Verbatim output of the full listing is required.

===============

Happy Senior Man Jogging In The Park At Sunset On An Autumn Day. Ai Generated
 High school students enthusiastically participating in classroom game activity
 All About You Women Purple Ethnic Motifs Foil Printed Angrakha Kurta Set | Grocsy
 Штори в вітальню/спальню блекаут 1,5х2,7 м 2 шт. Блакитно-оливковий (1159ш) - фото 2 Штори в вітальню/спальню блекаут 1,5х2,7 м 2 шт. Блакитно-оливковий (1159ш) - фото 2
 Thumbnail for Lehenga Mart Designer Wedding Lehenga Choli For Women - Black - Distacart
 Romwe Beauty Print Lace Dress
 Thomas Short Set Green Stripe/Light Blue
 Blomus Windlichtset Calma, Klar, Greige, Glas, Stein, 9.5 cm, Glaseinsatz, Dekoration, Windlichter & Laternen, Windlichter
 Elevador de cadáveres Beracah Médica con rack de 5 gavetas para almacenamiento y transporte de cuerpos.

===============

• _Answer to the problem_:
Happy Senior Man Jogging In The Park At Sunset On An Autumn Day. Ai Generated
 High school students enthusiastically participating in classroom game activity
 All About You Women Purple Ethnic Motifs Foil Printed Angrakha Kurta Set | Grocsy
 Штори в вітальню/спальню блекаут 1,5х2,7 м 2 шт. Блакитно-оливковий (1159ш) - фото 2 Штори в вітальню/спальню блекаут 1,5х2,7 м 2 шт. Блакитно-оливковий (1159ш) - фото 2
 Thumbnail for Lehenga Mart Designer Wedding Lehenga Choli For Women - Black - Distacart
 Romwe Beauty Print Lace Dress
 Thomas Short Set Green Stripe/Light Blue
 Blomus Windlichtset Calma, Klar, Greige, Glas, Stein, 9.5 cm, Glaseinsatz, Dekoration, Windlichter & Laternen, Windlichter
 Elevador de cadáveres Beracah Médica con rack de 5 gavetas para almacenamiento y transporte de cuerpos.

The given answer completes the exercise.